New York Theater Buzz: Child's Play, March 2016

FLY (photo: Jim Cox)
By Jacquelin Carnegie
For Kids & Adults
New Victory Theater (209 West 42nd St) Until March 27, 2016; For ages 10 & up
     Children's theater often doesn't get the recognition it deserves but, for the past 20 years, The New Vic has consistently presented outstanding work. FLY is better than the last three shows I've seen on Broadway. In fact, it's downright fantastic. A talented ensemble cast, great staging, and an imaginative set create a you-are-there immersion experience.
     FLY is the story of World War II pilots known as the Tuskegee Airmen, the first African-American, Army Air Corp fighters. Their pilot training began in 1941 at a segregated army airfield in Tuskegee, Alabama. (Prior to 1941, blacks weren't even allowed to fly for the U.S. military.) Denigrated and underestimated just because of the color of their skin, these chosen few had to prove their value and valor on the ground and in the air. Also called "Red Tails" for their P-51 Mustang fighters, the Tuskegee Airmen never lost an escorted plane to the enemy during the course of World War II.
     Their bravery and commitment was astonishing considering they were fighting for freedom and rights they themselves were still denied.

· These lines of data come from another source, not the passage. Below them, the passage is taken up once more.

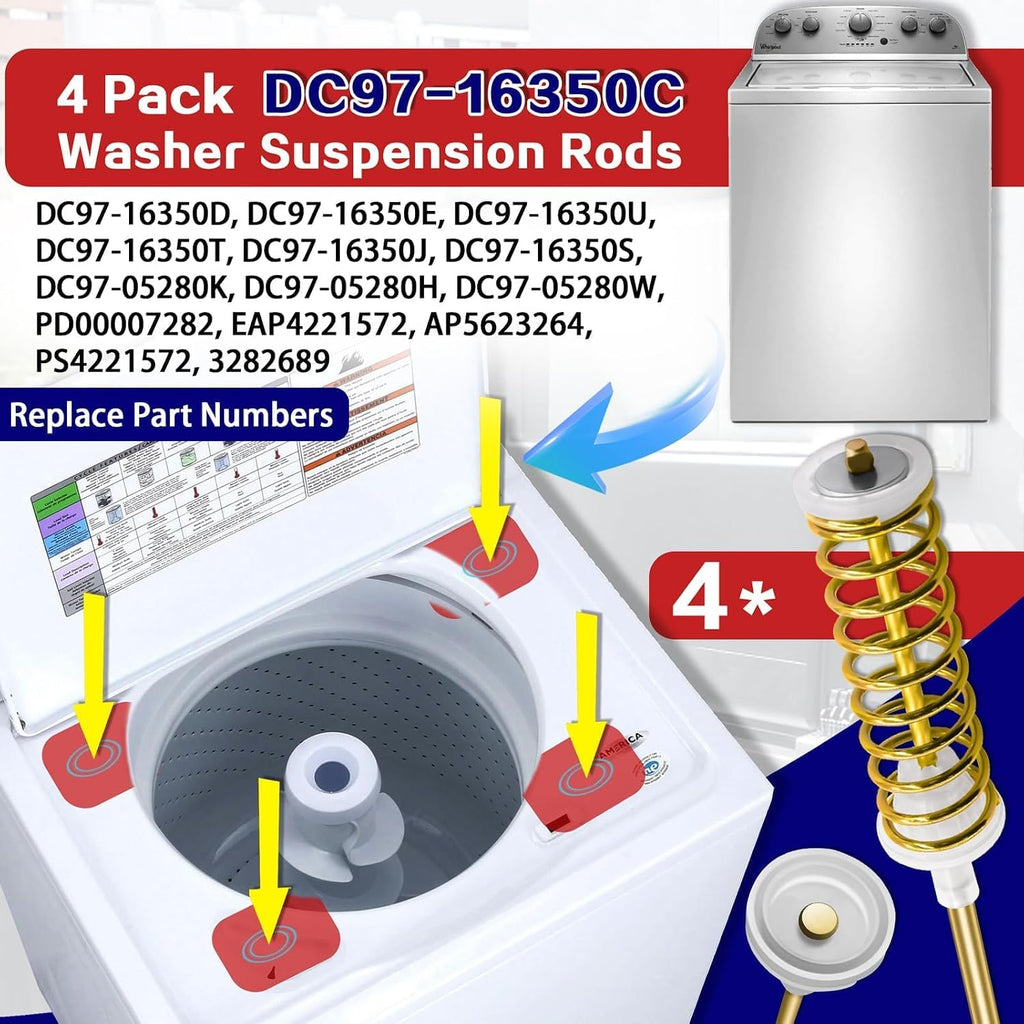 WA44A3405AV/A4 WA44A3405AW/A4 Washer Suspension Rod Fit for Sam-Sung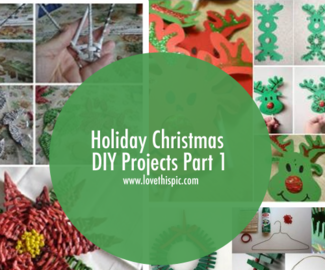 Holiday Christmas DIY Projects Part 1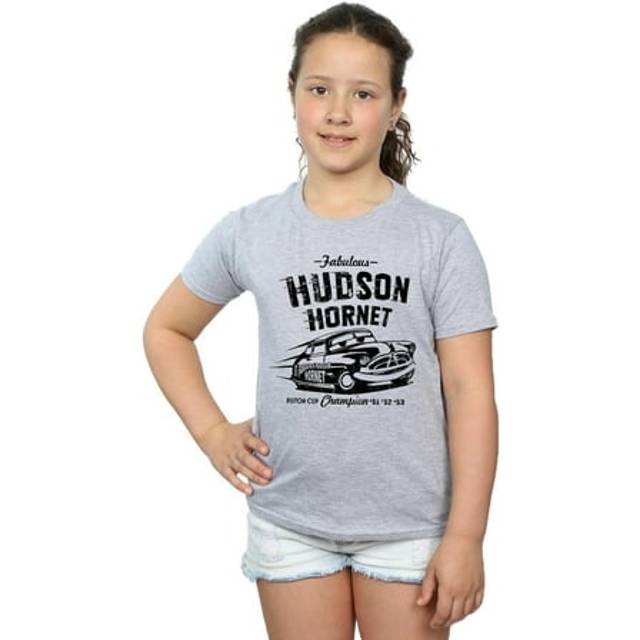 Cars Hudson Hornet Cotton T-Shirt - Grey - 5-6 Years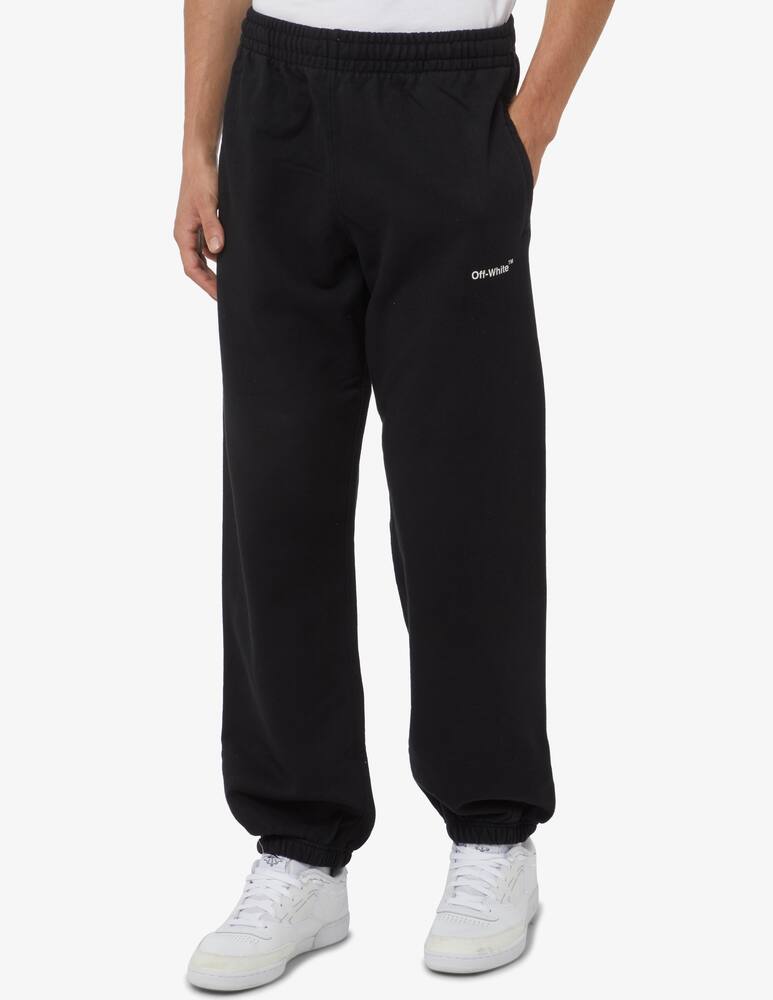 rinascente Off-White Pantaloni di felpa chain arrow - Nero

It took over 60 years for the men to be officially recognized for their extraordinary combat record.
     In this Pasadena Playhouse/Crossroads Theatre Company production of FLY, four terrific actors represent a microcosm of the 994 actual Tuskegee Airmen: W.W. (Brooks Brantly), a cool cat from Chicago; Oscar (Terrell Wheeler), a country boy "race man;" J. Allen (Damian Thompson), an erudite gent from the British West Indies; and Chet (Desmond Newson), an underage flying enthusiast from Harlem. Written by Trey Ellis and Ricardo Khan (who also directs), FLY will make you laugh, it will make you cry, it will make you care. As the character Chet says, "history is the river we stand in." But, since we are still wading in the waters of racism, prejudice, and intolerance, this tale of Tuskegee Airmen is as relevant today as it was in the 1940s.

Editor's Note: The New Vic run is over, but you can see FLY April 7-17, 2016 at Crossroads Theatre in New Brunswick, NJ. (There's lots of great theater beyond NYC!)